Numa nota mais positiva já se vê e se constata uma adesão das pessoas ao esforço da luta contra o coronavírus e uma disponibilidade em seguir as regras e em mudar os comportamentos. É uma nova atitude que pode vir a marcar o fim do período de egocentrismo levado ao extremo pela emergência das redes sociais e que não parecia esmorecer perante a evidência das alterações climáticas, dos extremos do consumismo e do aumento das desigualdades sociais. Também pode significar uma inflexão no que já parecia um enviesamento da relação com a verdade e com os factos e que alimenta fake news, cultiva posições anti-ciência e alicia muitos com realidades alternativas. De facto, não é possível continuar a alimentar esse tipo de posições perante a realidade incontornável de um vírus que pode vir a contaminar entre 60 e 70% da população mundial e que só poderá ser combatido com ciência pura e dura, com instituições confiáveis e com informação correcta. Espera-se também que pelas mesmas razões a conquista do poder fique mais difícil aos políticos e ao populismo que polarizam as sociedades, desprezam o conhecimento e descredibilizam as instituições.
Cabo Verde já se encontra em estado de contingência declarado ontem pelo governo. Imagine-se o quanto foi difícil decidir pelo “lockdown” de um país com as fragilidades de um país arquipélago dependente do turismo e com problemas de conectividade e uma base produtiva pobre e pouco diversificada.
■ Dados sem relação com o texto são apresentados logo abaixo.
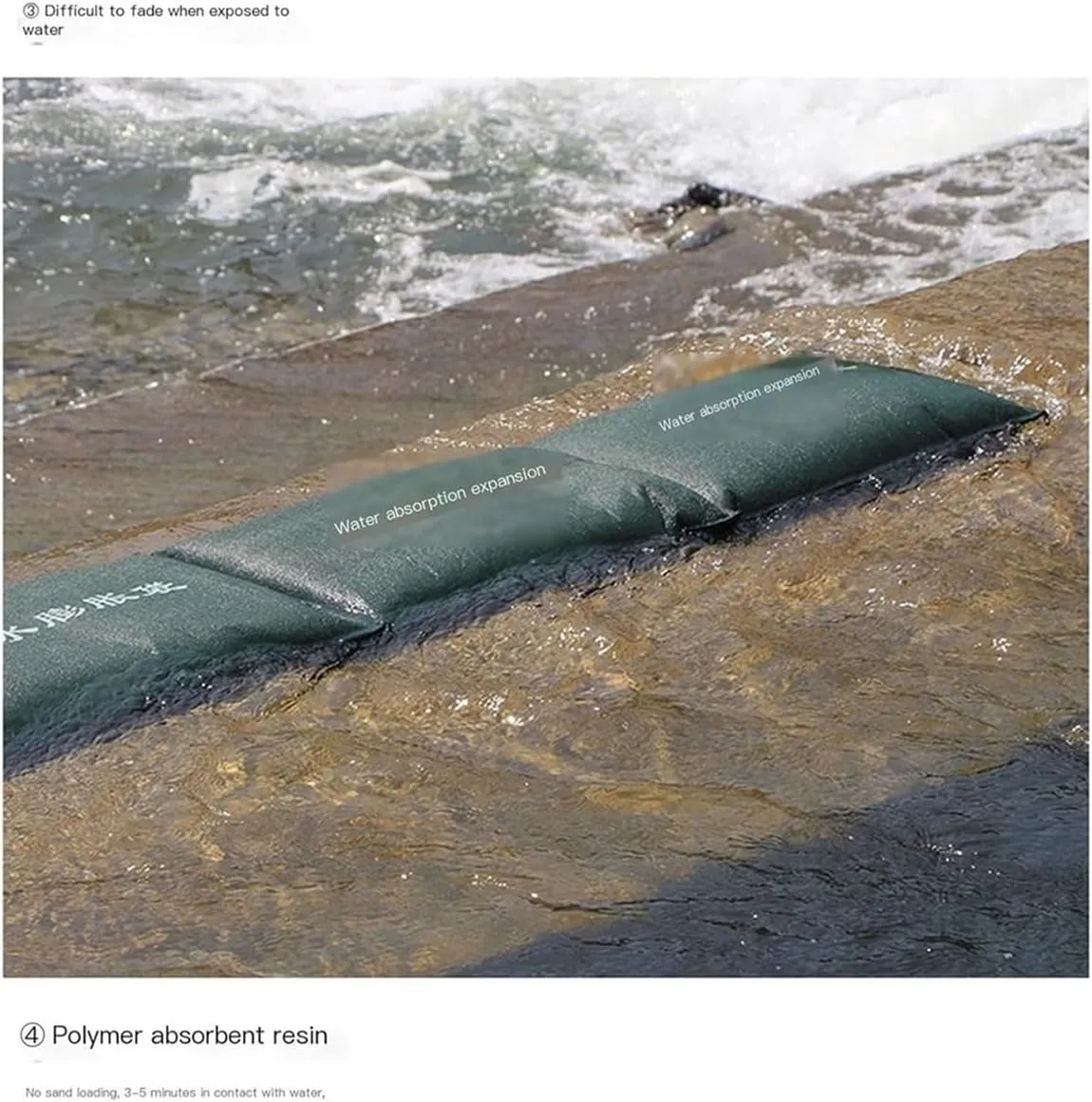 Barrier Flood, Sandless Sand Bags 10 Pieces Flood Water Barrier Sandbags Reusable for Doors and Windows Waterproof Treatment in Rainy Season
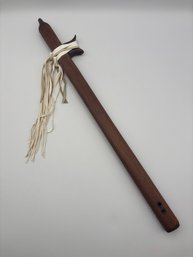 Vintage Terry Frazier Native Flute Wooden Natural Cedar With Leather Accents 21.5'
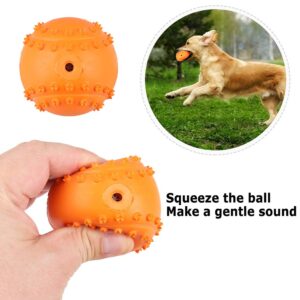 PrimePets Dog Treat Ball, 4 Pack Interactive Food Dispensing Puppy Puzzle Toy, Non-Toxic, Natural Rubber, for Tooth Cleaning, IQ Training, Chewing, Playing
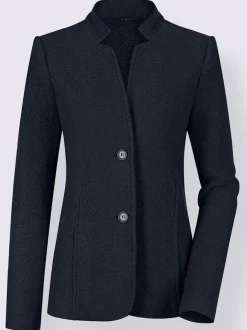 Blazer doux col montant à poches avec finition soignée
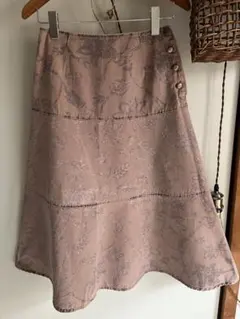 plussyu 花柄ピンクベージュフレアスカート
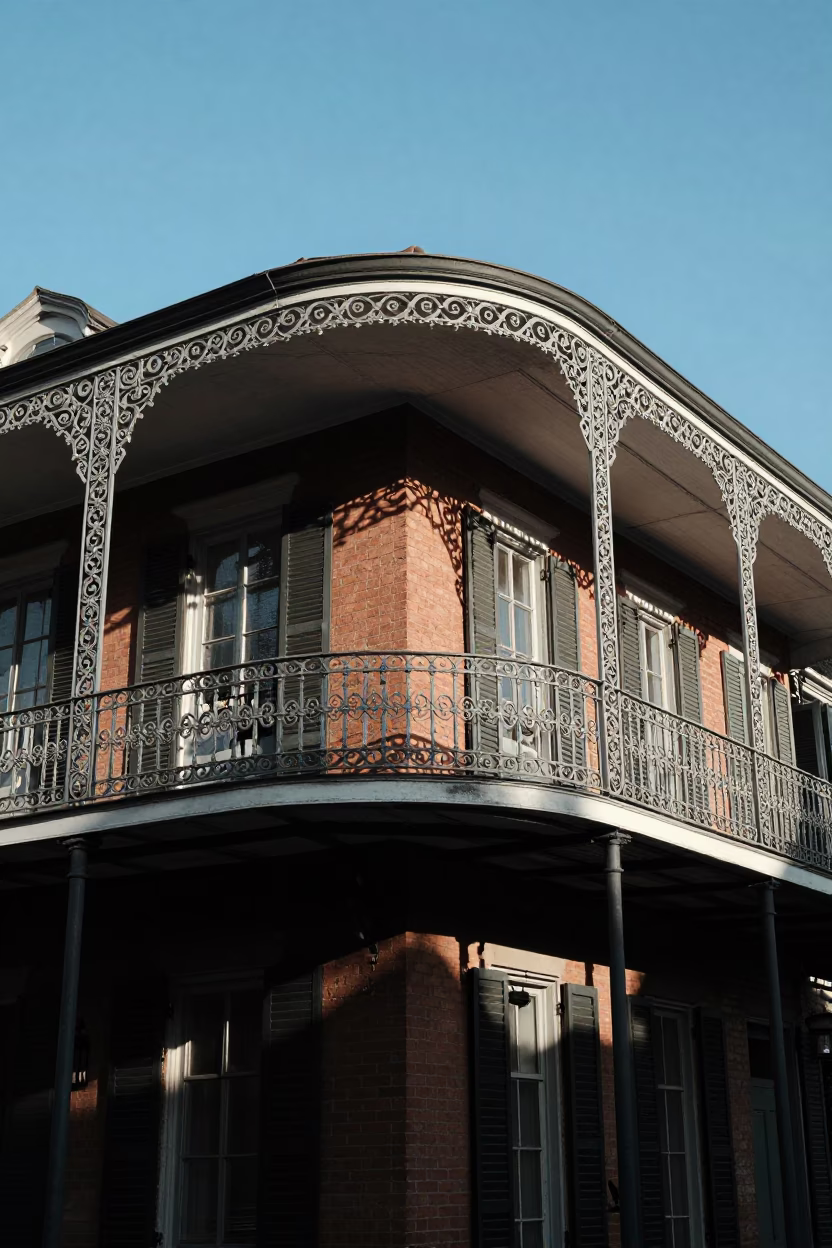 Clear Late-afternoon Light on Quarter Balcony in New Orleans in in New Orleans, Louisiana, United States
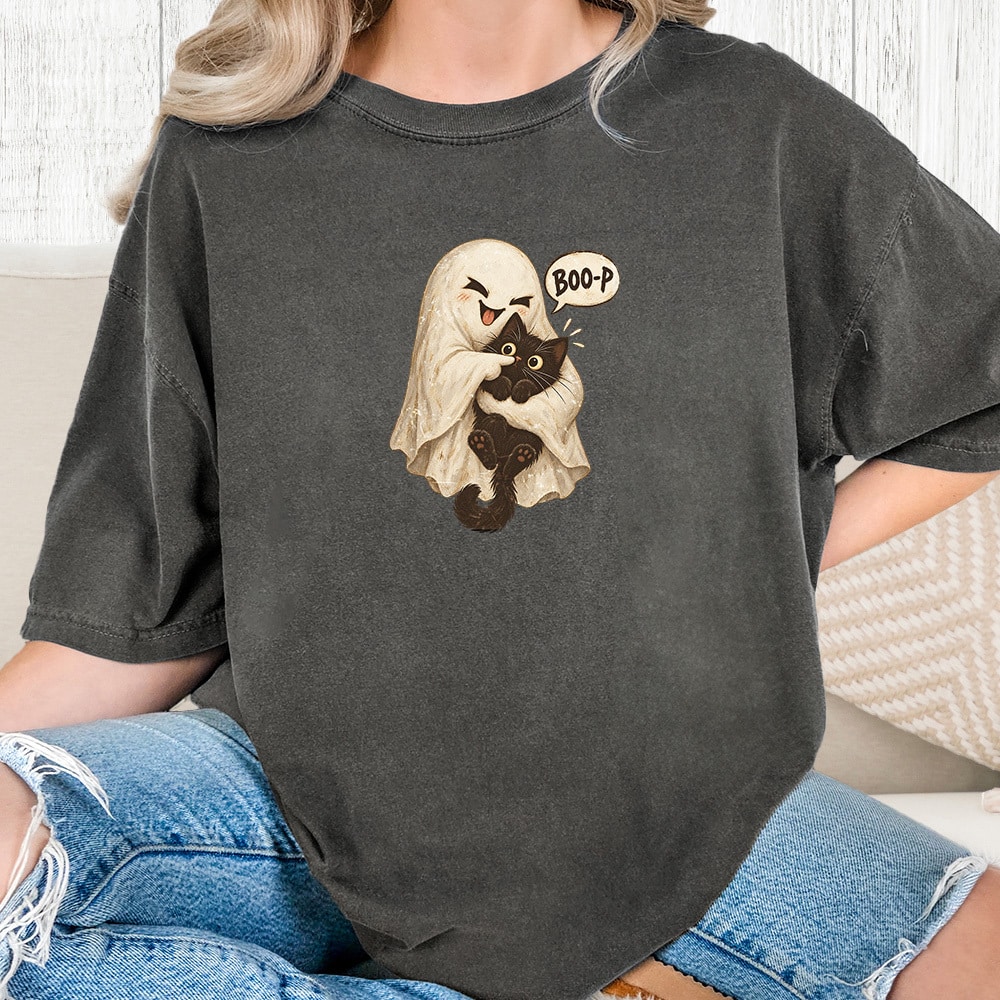 Comfort Colors Ghost Snuggle Boo-p Vintage Washed Tee - Pepper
E isso acontece precisamente no momento em que globalmente se reduzem as comunicações, cadeias de abastecimento estão sob stress e a generalidade dos Estados que têm sido parceiros do desenvolvimento e são emissores dos fluxos turísticos estão concentrados na resolução dos seus próprios problemas de contenção da Covid-19. Na ponderação que antecedeu a decisão ter-se-á certamente levado em conta os efeitos no emprego em particular nas ilhas do Sal e da Boa Vista derivados da interrupção brusca de actividades nos sectores do turismo e da aviação e o facto que a recuperação ao nível actual poderá levar algum tempo. A prioridade em garantir a saúde pública no país e em particular dos mais vulneráveis prevaleceu, mas os problemas de hoje e de amanhã não desapareceram.
Tanto a eventualidade de elevado desemprego nessas duas ilhas como o aparecimento de fluxos migratórios em sentido inverso para as ilhas de origem irão exigir uma resposta pronta das autoridades. Problemas outros terão muitas empresas com falta de actividade e muitos dos novos empreendedores sobrecarregados com a amortização de investimentos feitos que também deverão merecer a atenção do governo. A verdade é que a paz social, confiança nas instituições e boas maneiras e civismo das pessoas são requisitos fundamentais para manter o ambiente de serenidade e autodisciplina que o país precisa neste momento. Garanti-los é o que vai permitir que se consiga o “distanciamento social” imprescindível para se ter sucesso na contenção do coronavírus e evitar que o sistema de saúde fique sobrecarregado.
Humberto Cardoso
Texto originalmente publicado na edição impressa do Expresso das Ilhas nº 955 de 18 de Março de 2020.